I started out in the merit shop. It was a lot less biased. They have a pile of work and are always working and crossing Pickett lines here and there. Taking busses into other entrances at mills. I'm talking big abc contractors. I don't pick on little ma and pa shops.no. I worked for one of the most hated contractors of the Midwest. I learned a lot. Like having little pride in my craftsmanship. Slap it it so we can get paid and send you down the road to the next job. Or. Lay you off if your not willing to travel. Surprised they didn't make me quit so they could get out of giving me unemployment. No. It was great. They had a gain share. That means if they lost money on another job, the one I made them money on paid the bill and management hid it. Abc is a management organization. Ok for them, but not for employees? That sucks. It all worked out. I am greatful for the local I joined. I don't regret or look back on working abc but wish I could have added to my pension years ago.


----------



## brian john (Mar 11, 2007)

Therer are hacks on both sides of the line and I worked at a union shop that flew men in across picket lines.

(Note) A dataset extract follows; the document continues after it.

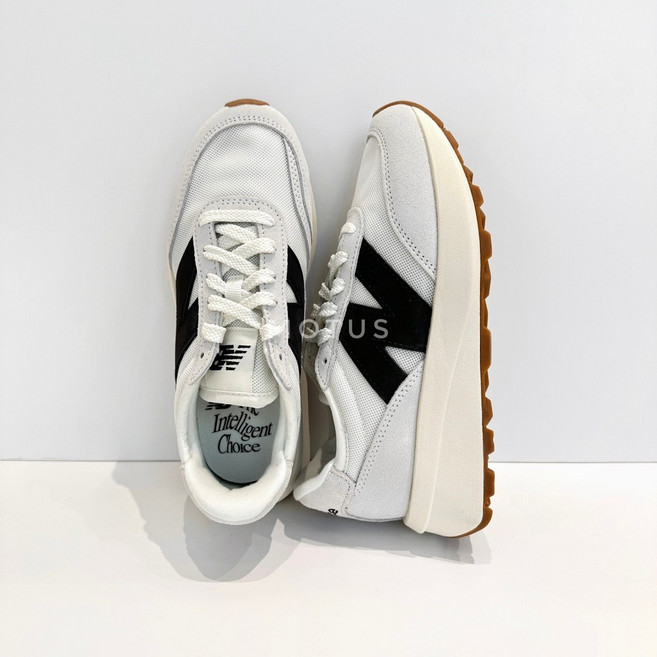 NEW BALANCE 370 復古運動休閒鞋 情侶鞋 男女款 黑白 U370CA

Washington Post strike in the late 70's early 80's


No one side has any higher moral standards than the other. JUST my expierence not saying this is not different in different areas

The advantage of unions is they do off worker protection, fair wages, good bennies, and a retirement that follows you from start to grave a MAJOR, MAJOR item in anyones career.


----------



## Rollie73 (Sep 19, 2010)

brian john said:


> In all my years of working I know of two locals that had apprentices sitting as there was no work one was near here and that local has now been swallowed up by our local.
> 
> If there is no work there is no work.


 
I can give you a third and fourth local that has apprentices riding the benches. Local 1852 (Cape Breton NS) and Local 625 (Mainland NS) are both in a tough situation right now and we only have about 25% of our apprentices working.


----------



## eejack (Jul 14, 2012)

brian john said:


> Therer are hacks on both sides of the line and I worked at a union shop that flew men in across picket lines.
> 
> Washington Post strike in the late 70's early 80's
> 
> ...


It is not an issue of hackery or moral standards BJ, nor is it an issue of 'sides'.

Unions are collective bargaining units of workers run by those workers.

ABC is all about the contractor. There is no input from the workforce nor is there any true collective bargaining. It is just a new version of the old Company Store mining model.

Personally I am fine with that and commend them for providing for themselves, however, I do find it disingenuous of them to say they are a union.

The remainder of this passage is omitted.